What if you want to train a classifier on your home computer, and use it on a remote server?

To do this, you should serialize the trained classifier, send the string to the remote server, and deserialize it there.

You can do this with the "serialization.js" package:

npm install serialization

On your home machine, do the following:

var serialize = require('serialization');

// First, define a function that creates a fresh  (untrained) classifier.
// This code should be stand-alone - it should include all the 'require' statements
//   required for creating the classifier.
function newClassifierFunction() {
	var limdu = require('limdu');
	var TextClassifier = limdu.classifiers.multilabel.BinaryRelevance.bind(0, {
		binaryClassifierType: limdu.classifiers.Winnow.bind(0, {retrain_count: 10})
	});

	var WordExtractor = function(input, features) {
		input.split(" ").forEach(function(word) {
			features[word]=1;
		});
	};
	
	// Initialize a classifier with a feature extractor:
	return new limdu.classifiers.EnhancedClassifier({
		classifierType: TextClassifier,
		featureExtractor: WordExtractor,
		pastTrainingSamples: [], // to enable retraining
	});
}

// Use the above function for creating a new classifier:
var intentClassifier = newClassifierFunction();

// Train and test:
var dataset = [
	{input: "I want an apple", output: "apl"},
	{input: "I want a banana", output: "bnn"},
	{input: "I want chips", output: "cps"},
	];
intentClassifier.trainBatch(dataset);

console.log("Original classifier:");
intentClassifier.classifyAndLog("I want an apple and a banana");  // ['apl','bnn']
intentClassifier.trainOnline("I want a doughnut", "dnt");
intentClassifier.classifyAndLog("I want chips and a doughnut");  // ['cps','dnt']
intentClassifier.retrain();
intentClassifier.classifyAndLog("I want an apple and a banana");  // ['apl','bnn']
intentClassifier.classifyAndLog("I want chips and a doughnut");  // ['cps','dnt']

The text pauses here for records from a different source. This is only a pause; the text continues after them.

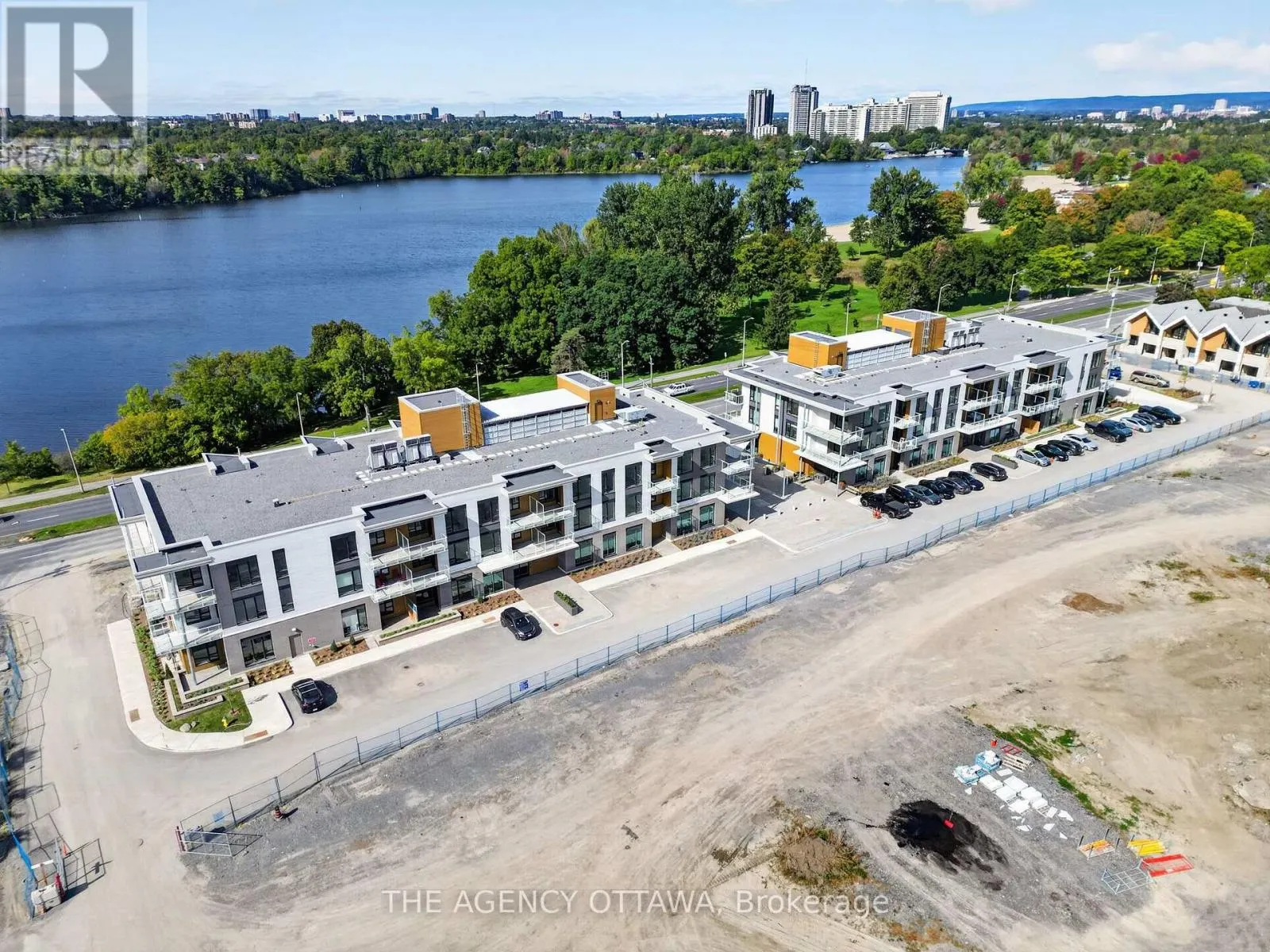 1 - 3073 RIVERSIDE DRIVE E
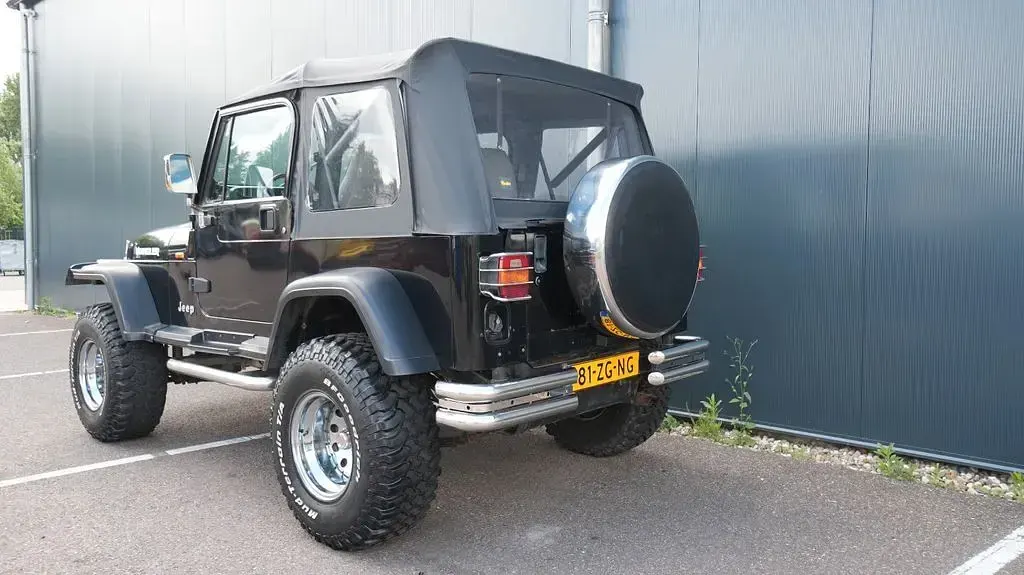 Gebraucht Jeep Wrangler 184 PS (135 kW) 1993 Schwarz SUV
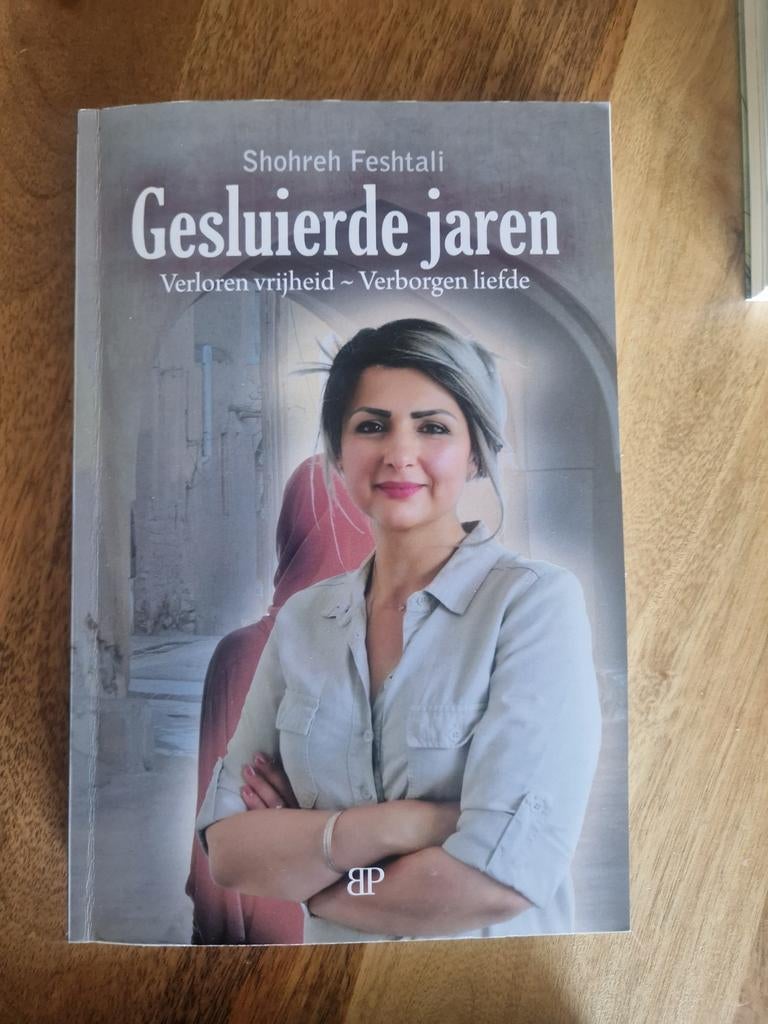 Gesluierde jaren - Shohreh Feshtali (Roman), Ophalen of Verzenden, Zo goed als nieuw, Shohreh Feshtali, Nederland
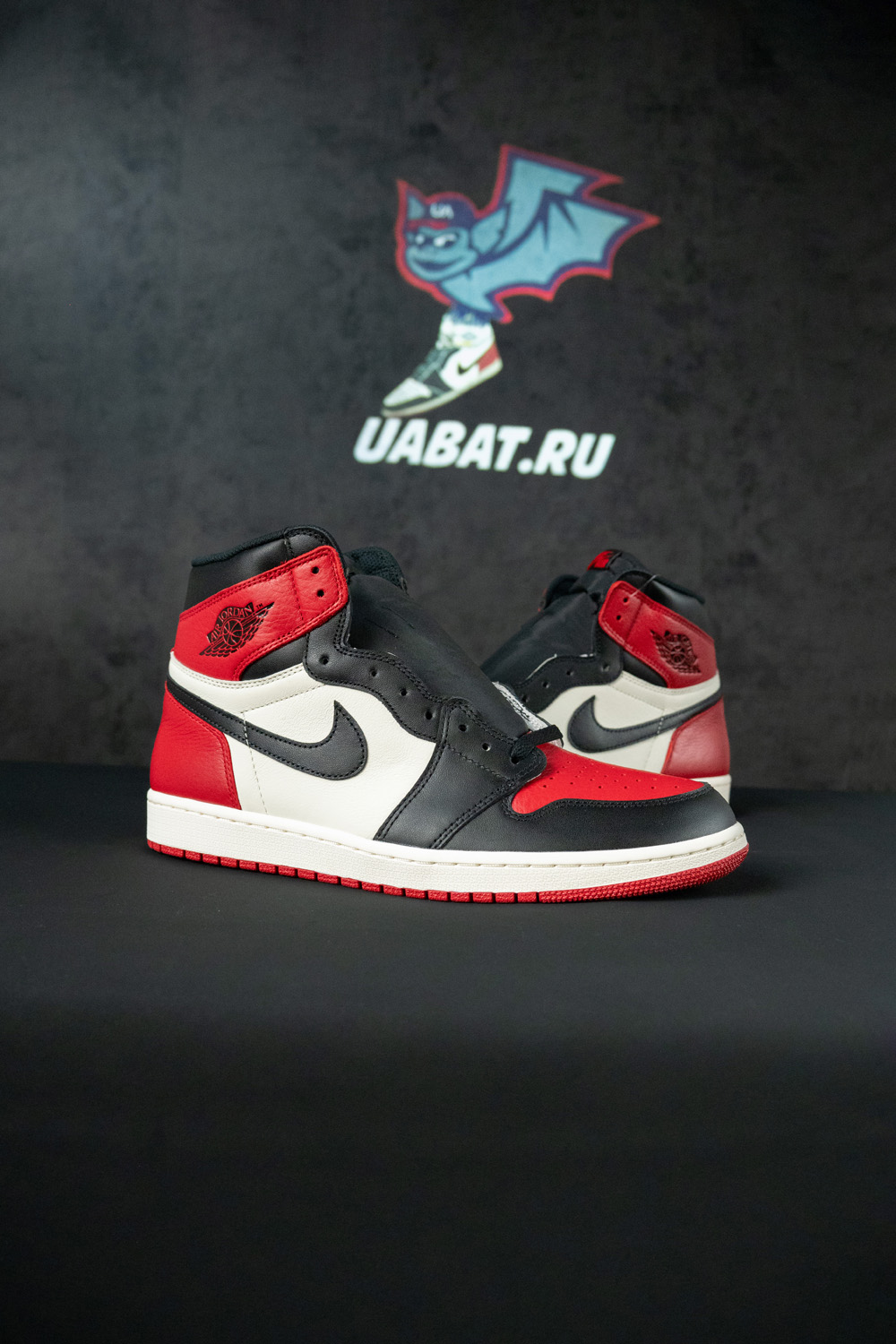 AIR JORDAN 1 RETRO HIGH OG "BRED TOE"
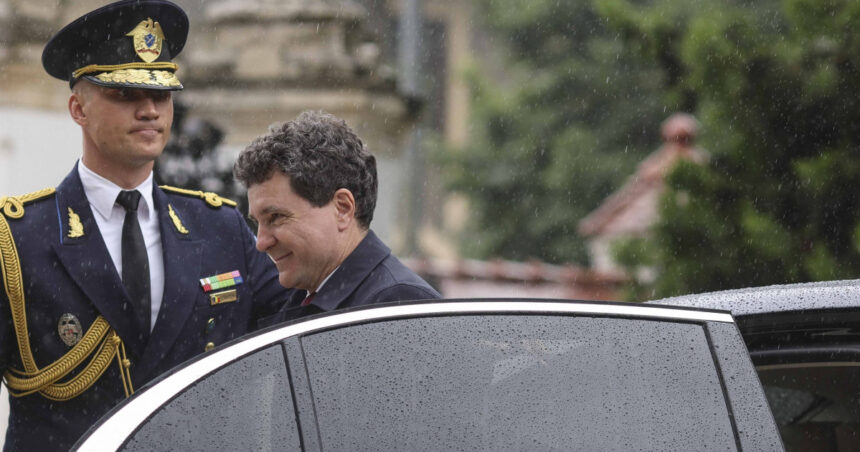 Nicușor Dan confirmă sosirea majestății regale din Spania în România și dezvăluie destinațiile externe ale președintelui. 1 nicusor dan confima vizita regelui spaniei in romania presedintele a anuntat si unde va merge in vizitele sale externe 683ffe45cef76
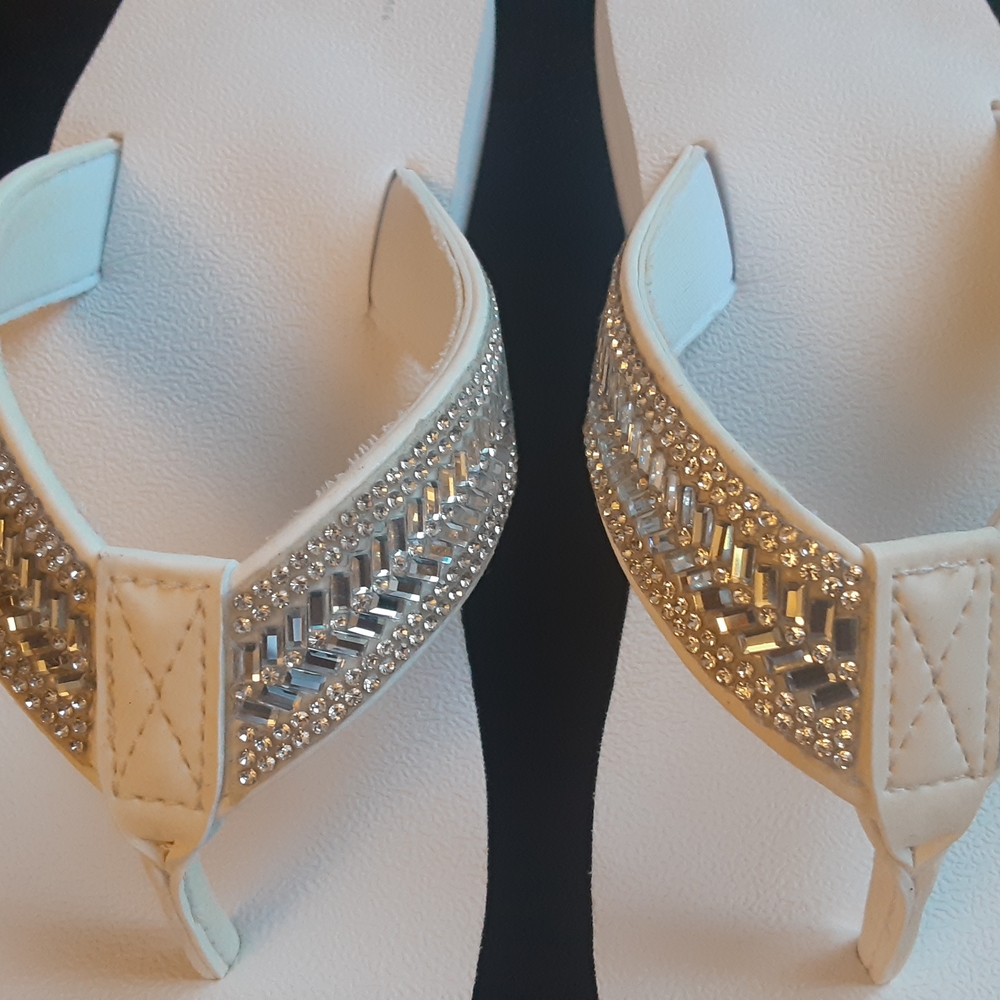 Elegant Gold and White Women's Sandals - Picture 5 of 8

// Serialize the classifier (convert it to a string)
var intentClassifierString = serialize.toString(intentClassifier, newClassifierFunction);

// Save the string to a file, and send it to a remote server.

On the remote server, do the following:

// retrieve the string from a file and then:

var intentClassifierCopy = serialize.fromString(intentClassifierString, __dirname);

console.log("Deserialized classifier:");
intentClassifierCopy.classifyAndLog("I want an apple and a banana");  // ['apl','bnn']
intentClassifierCopy.classifyAndLog("I want chips and a doughnut");  // ['cps','dnt']
intentClassifierCopy.trainOnline("I want an elm tree", "elm");
intentClassifierCopy.classifyAndLog("I want doughnut and elm tree");  // ['dnt','elm']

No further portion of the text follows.